▶ **TASK INSTRUCTIONS**: Would you transcribe the records below from the line with "2020 Jeep Cherokee Trailhawk" to the line with "Світильник у формі", ends included, exactly and with nothing more, leaving the pictures out?

▶ **MATERIAL FOR THIS EXERCISE**:
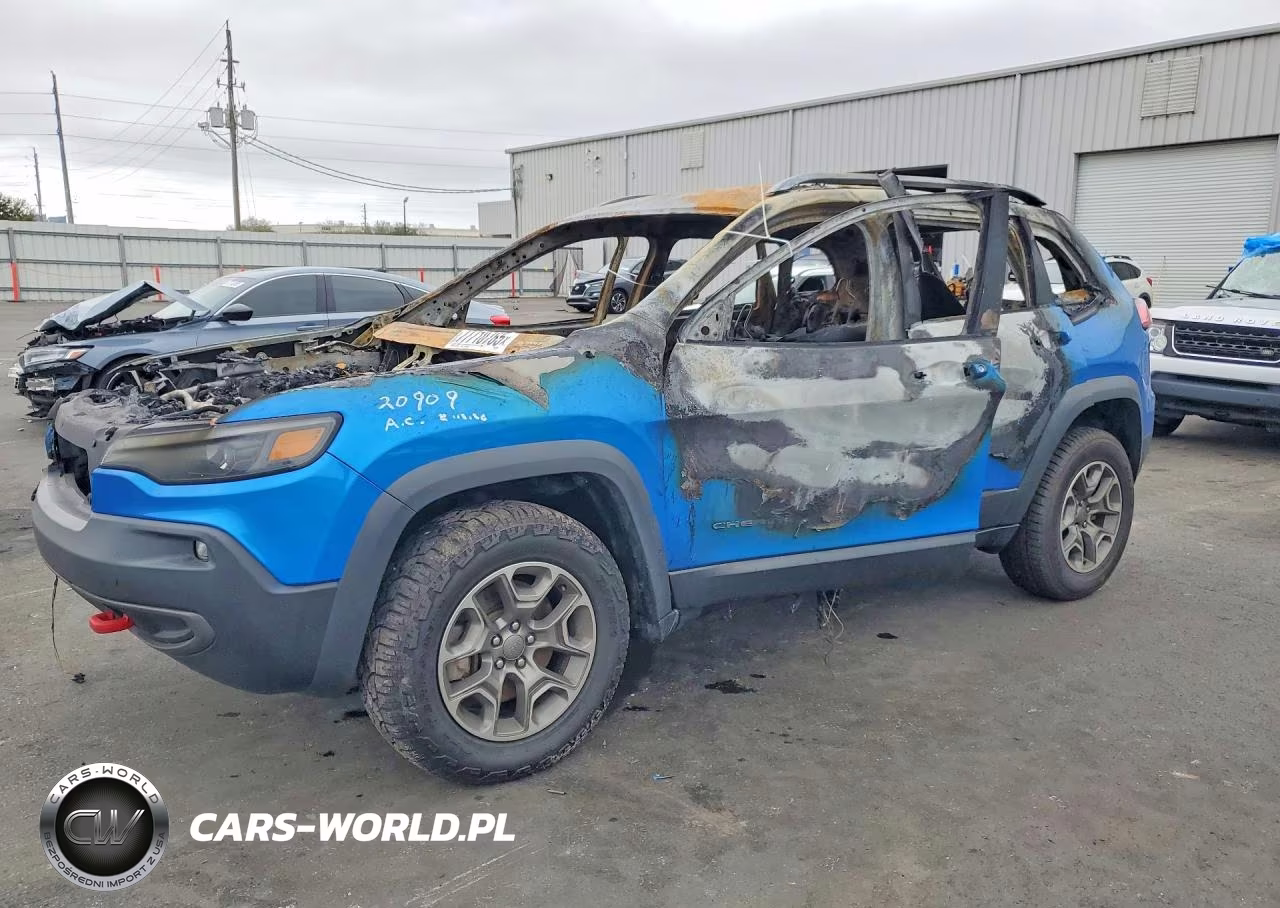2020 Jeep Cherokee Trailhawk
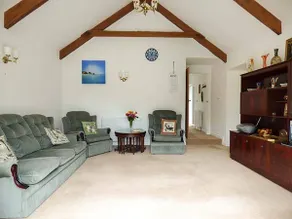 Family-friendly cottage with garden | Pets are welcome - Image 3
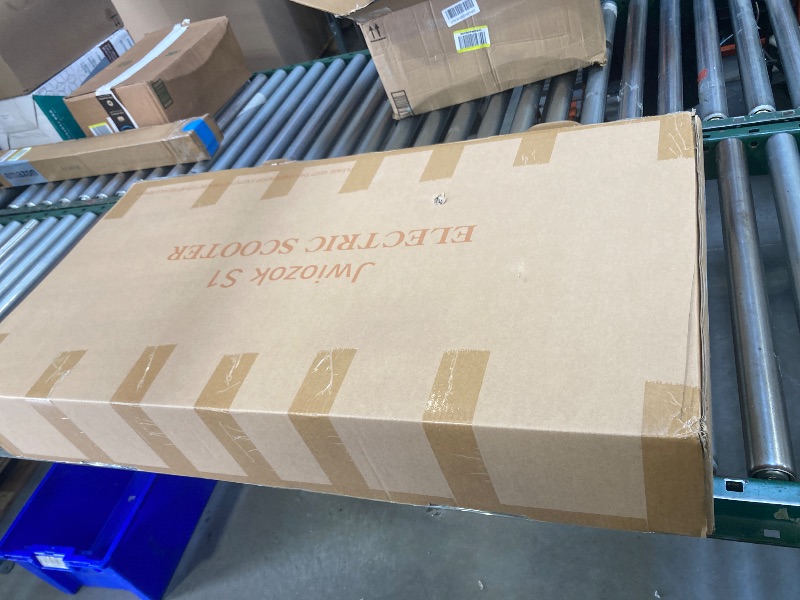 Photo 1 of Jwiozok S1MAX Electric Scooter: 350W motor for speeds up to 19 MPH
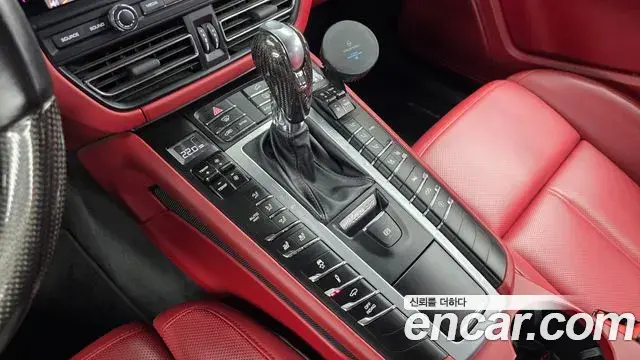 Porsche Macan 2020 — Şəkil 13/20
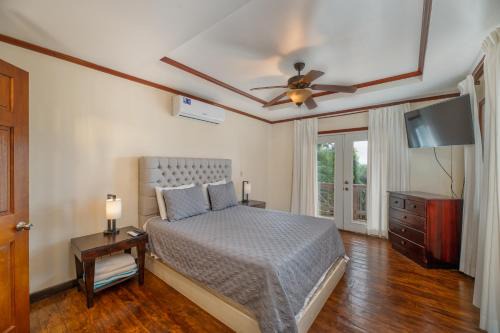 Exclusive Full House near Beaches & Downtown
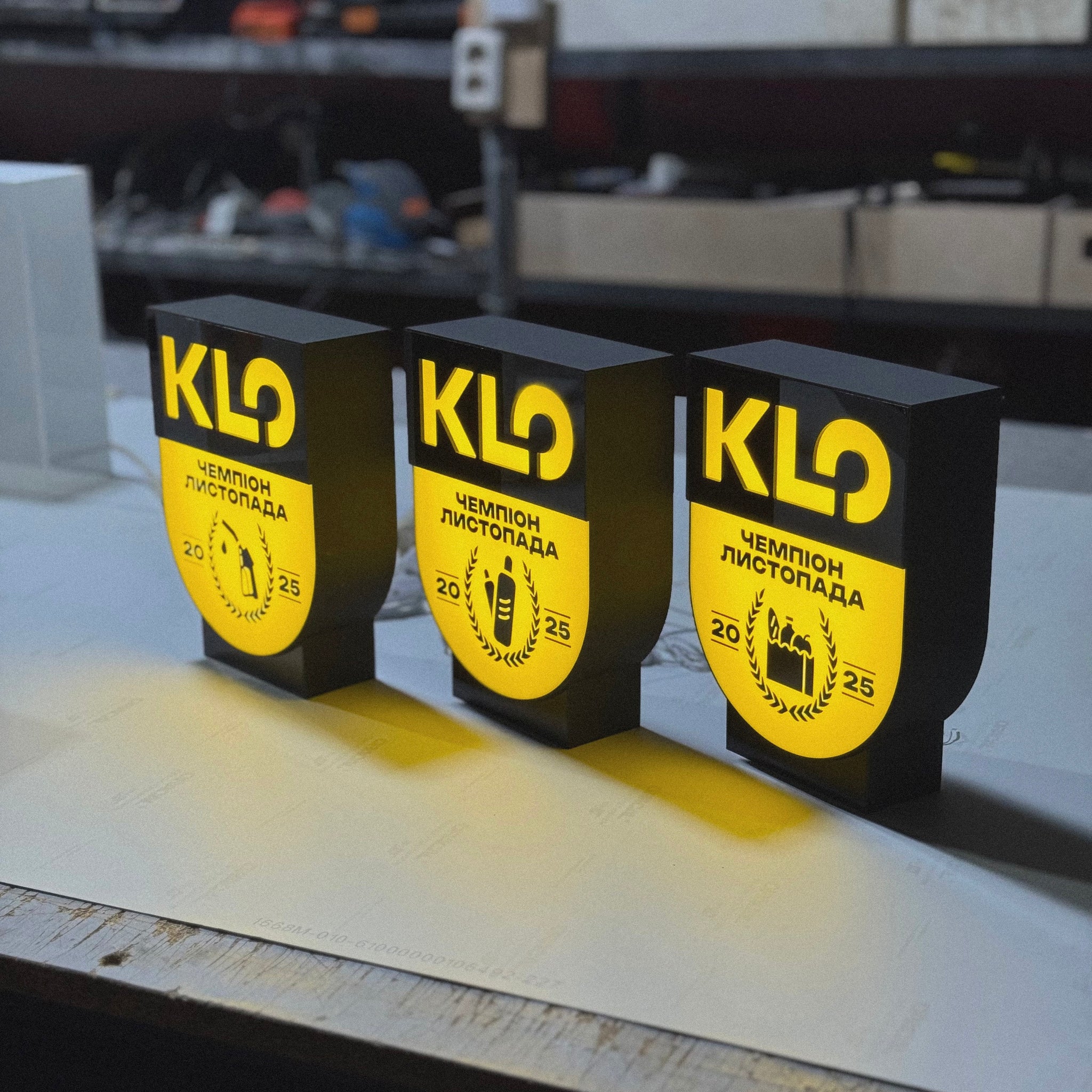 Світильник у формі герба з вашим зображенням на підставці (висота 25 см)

* * *

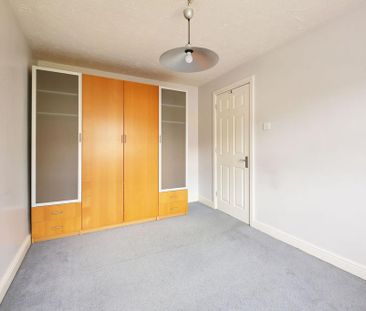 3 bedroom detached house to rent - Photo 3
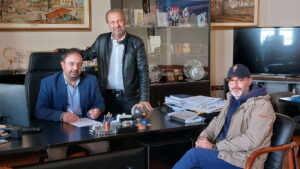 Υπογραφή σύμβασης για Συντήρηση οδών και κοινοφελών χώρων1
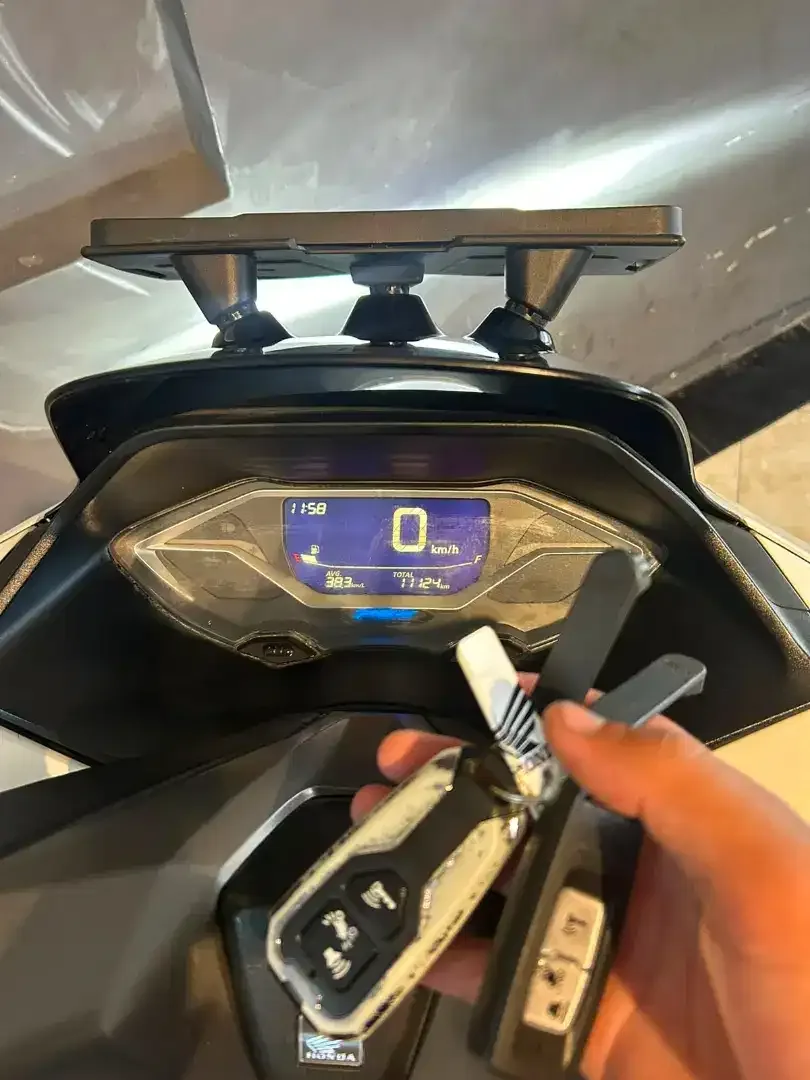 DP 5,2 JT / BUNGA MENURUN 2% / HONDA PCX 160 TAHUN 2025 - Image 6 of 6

▶ **EXERCISE ANSWER**:
2020 Jeep Cherokee Trailhawk
 Family-friendly cottage with garden | Pets are welcome - Image 3
 Photo 1 of Jwiozok S1MAX Electric Scooter: 350W motor for speeds up to 19 MPH
 Porsche Macan 2020 — Şəkil 13/20
 Exclusive Full House near Beaches & Downtown
 Світильник у формі герба з вашим зображенням на підставці (висота 25 см)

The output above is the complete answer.